The Deadly Sisterhood
Not a lady-assassins novel, but a history book about the role of eight significant women in
the Italian peninsula during the Renaissance.
I scored this at a school market for about $2, which was very cool.
Firstly, two problems:
- There were a number of egregious editing issues, which really annoyed me. A major publisher should not be putting out books with mistakes that *I* can pick up as I read it – it’s not like I read with the attention of a copy editor.
- More significantly, the book falls into the trap that many such history books do. They’re trying to write a book about the women, who have largely been ignored by contemporary and modern historians… but there’s so much else! being done by the lads! and honest, it’s needed for context! … that there are large slabs of text that really don’t seem to be connected to the women who are in theory at the heart of the book. Even if there are occasional mentions of “oh, and he was Duchess Blah’s son”. It was frustrating to have the women seem to be ignored in their own book.

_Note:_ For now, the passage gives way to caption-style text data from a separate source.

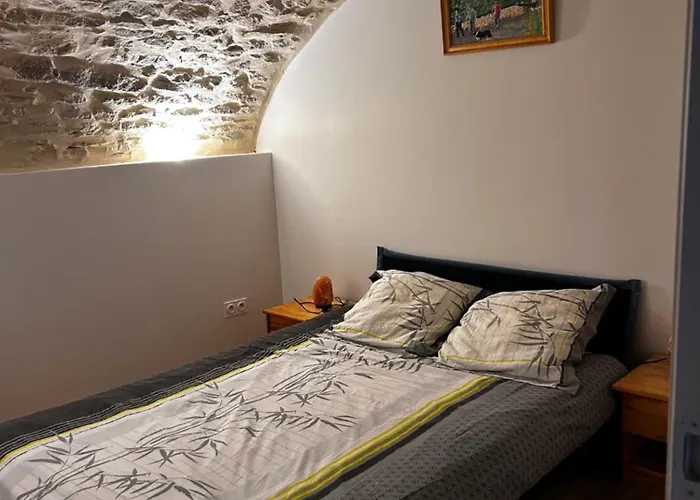 La Terrette Apartamento Vagnas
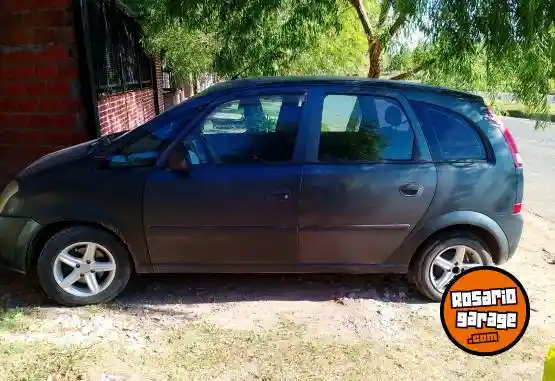 Chevrolet Meriva  2007 - foto 4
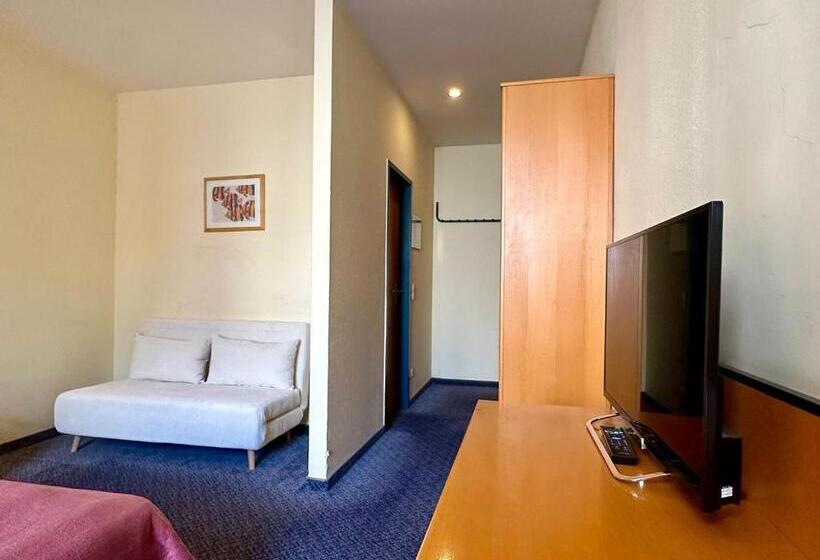 小型套房, Very Central Apartments, 5 Min To City Center, No Reception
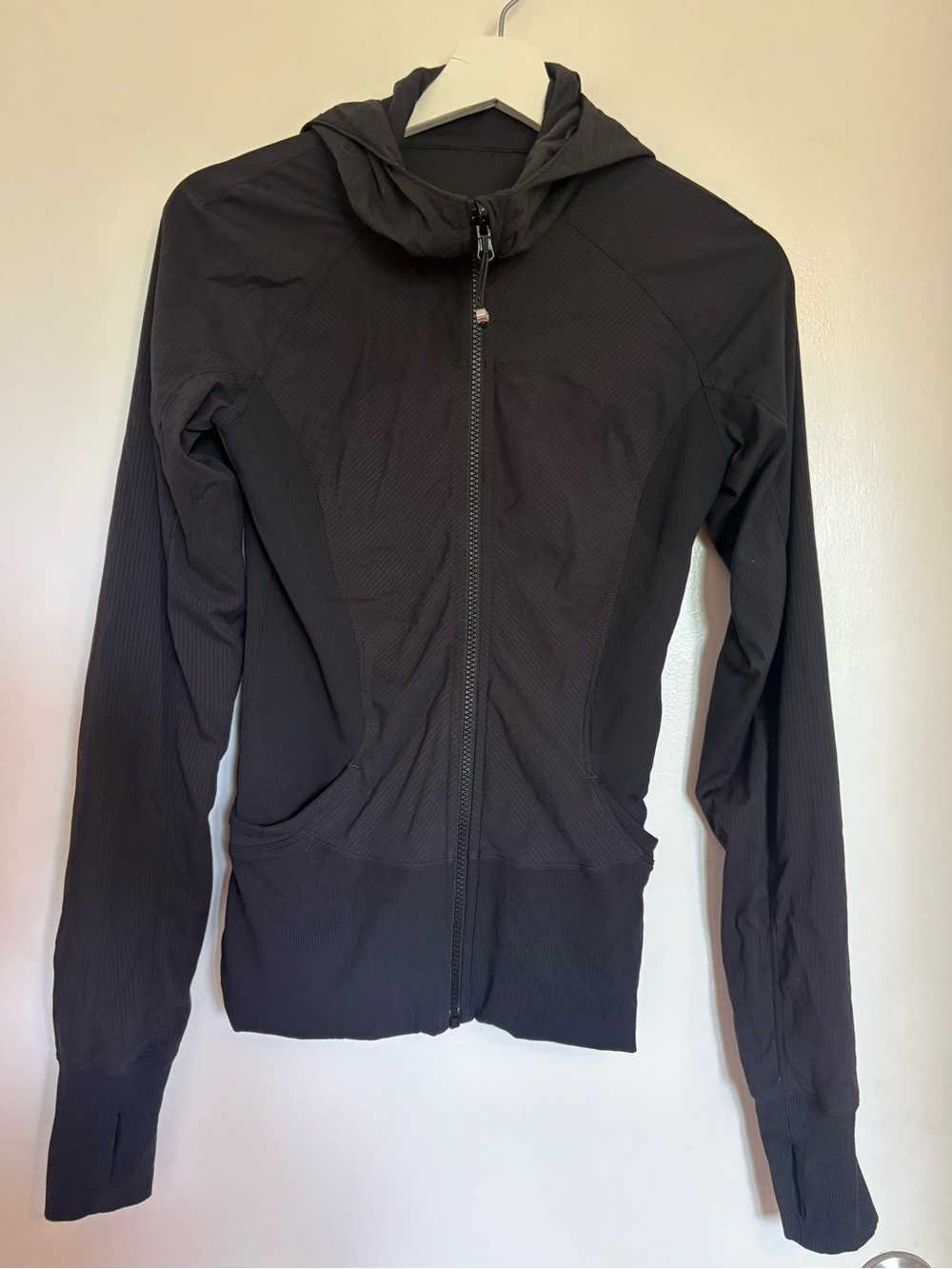 Lululemon In Flux Reversible Jacket Size 4 - Picture 3 of 8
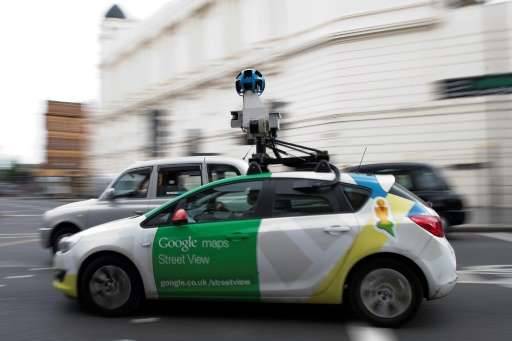 The secret economics of Google Street View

Anyway. Frieda focusses on eight women, some of whom I’d heard of – Lucrezia Borgia, of course – and others I hadn’t heard of – of course. It covers the height of the Italian Renaissance, from 1471 to 1527. She discusses their births and marriages and deaths, their children and (often multiple) husbands, as well as the roles they played in politics – both consciously and as marital pawns – and in the artistic and cultural milieu. Actually that last was the bit that, surprisingly, got least attention; I would have thought that the women would have played greater roles as patrons. Perhaps Frieda was more interested in discussing the political aspect, which is definitely at the forefront of her interests here.
Despite the problems mentioned above – and that sometimes the language was a bit too snarky; I don’t need to be reminded that one of the Isabellas apparently got quite fat, unless that contributed to how people treated her – I did enjoy reading this, and I am very pleased to know more about these women of important families who themselves managed to do important and significant things.
Devour
Set your level of disbelief suspension to Sky High and you might enjoy this thriller. Published by Hachette, it was sent to me at no cost (RRP$29.99 pb, $16.99 eb); it comes out in July.
Olivia Wolfe is an investigative journalist (of course) who gets into some hot water trying to get a story in Afghanistan (of course). To give her some time away from pushy police and terrorists who might want to harm her, her newspaper sends her to Antarctica where a British science team is trying to drill down to Lake Ellsworth (which really happened a few years ago) in an effort to discover whether there’s life in the ancient, ice-locked lake. While there, she discovers possible murder and possible sabotage. There’s also Russians involved (which surprised me a bit because I thought we were beyond Russians as Generic Bad Guys).
There’s intrigue, there’s action, there’s death and some destruction; as the title suggests there’s something dangerous that might be unleashed that would be bad for the whole world. It’s fast-paced… in fact, sometimes too fast-paced, in that I nearly got whip-lash as people’s motives changed or allegiances swapped. And there’s a fairly explicit and unexpected sex scene that seemed quite out of place.
This is probably good airplane-fodder. It doesn’t require a whole lot of thinking, and in fact I’ll admit that I started skimming the exposition in the last third because I was only interested in the action, not the details. (Larking seems very intent of giving minute details about equipment and such – I’m not sure whether she thinks it makes the story more grounded, or well-researched, or what. I just found it boring.) I still managed to follow the story without paying too much attention.
One thing to be aware of: if stalkers squick you out, avoid this book. There’s a stalker who gets the occasional point-of-view section (which also felt out of place) that was generally unpleasant to read.